> cd ~/blog/mybudgetapp

Cross-Platform Finance with Flutter + Firebase

2026-03-16

I've tried every finance app category: commercial apps with subscription fees, spreadsheets that I maintain for two weeks and then abandon, bank-provided tools that only see one account. None of them stuck. The commercial apps know too much about me and cost money; the spreadsheets require too much discipline. I wanted something simple enough to actually use and personal enough to trust, so I built it.

Why Flutter

A finance app you only check on your phone is a finance app you stop using. I wanted Android for daily tracking, Windows for the monthly review where I actually think through the numbers, and a web version for quick checks when I'm on someone else's computer. Flutter gives you all three from one codebase in Dart. That's the pitch, and for this project it mostly delivered.

I was skeptical about Flutter for desktop — the reputation was that it worked but felt unfinished. In practice, Windows support is more mature than its reputation suggests. The widget system renders correctly, keyboard navigation works, and the window management is solid. There are edge cases, but I didn't hit anything that blocked me.

Data Model

I kept the model deliberately small: accounts, transactions, transfers between accounts, and goals. That's it.
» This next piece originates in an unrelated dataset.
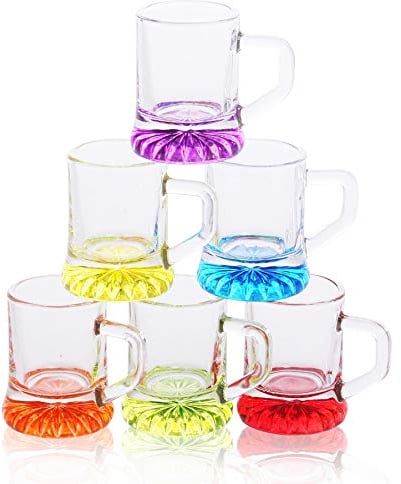 PLATINUX Shotgläser mit Henkel Set 2cl 6 Teilig Schnapskrug Partygläser aus Glas Schnapsgläser Mini Bierkrug Pinnchen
No categories with forty sub-categories, no tagging taxonomy, no investment portfolio integration. The decision to keep it simple was the most important design decision I made. Every finance app I've abandoned had become too complex to maintain. Simple enough to actually use is a feature.

Accounts have a type (checking, savings, credit, cash) and a running balance. Transactions belong to an account and have a date, amount, and a short note. Transfers move money between accounts without double-counting. Goals are just a target amount attached to a savings account with a deadline. The whole model fits in five Firestore collections.

Firebase Backend

Firestore gives me real-time sync across devices with essentially no server code. Android, Windows, and web all read from the same collections. Firebase Auth handles login — I'm the only user, so the implementation is trivial, but having auth means the data isn't publicly readable. No server to manage, no deployment pipeline, no on-call rotation. For a personal app with one user, this is the correct infrastructure choice.

What the Web Version Is Actually For

I expected the web version to be a fallback. It turned out to be the one I open most often on weekday mornings — a quick dashboard check to see where the month is tracking before I start work. The full layout renders well in a browser tab. I didn't need to build a separate dashboard; the same Flutter app in a browser window serves the purpose.

The Widget System Surprise

Flutter's widget composition model initially feels verbose. Everything is a widget. Padding is a widget. Alignment is a widget. After three weeks with it, I stopped noticing the verbosity and started noticing the precision. Every visual property is explicit and traceable. When something looks wrong, you know exactly which widget is responsible. Coming from CSS, where layout bugs can be genuinely mysterious, that explicitness is a relief I didn't expect to appreciate as much as I do.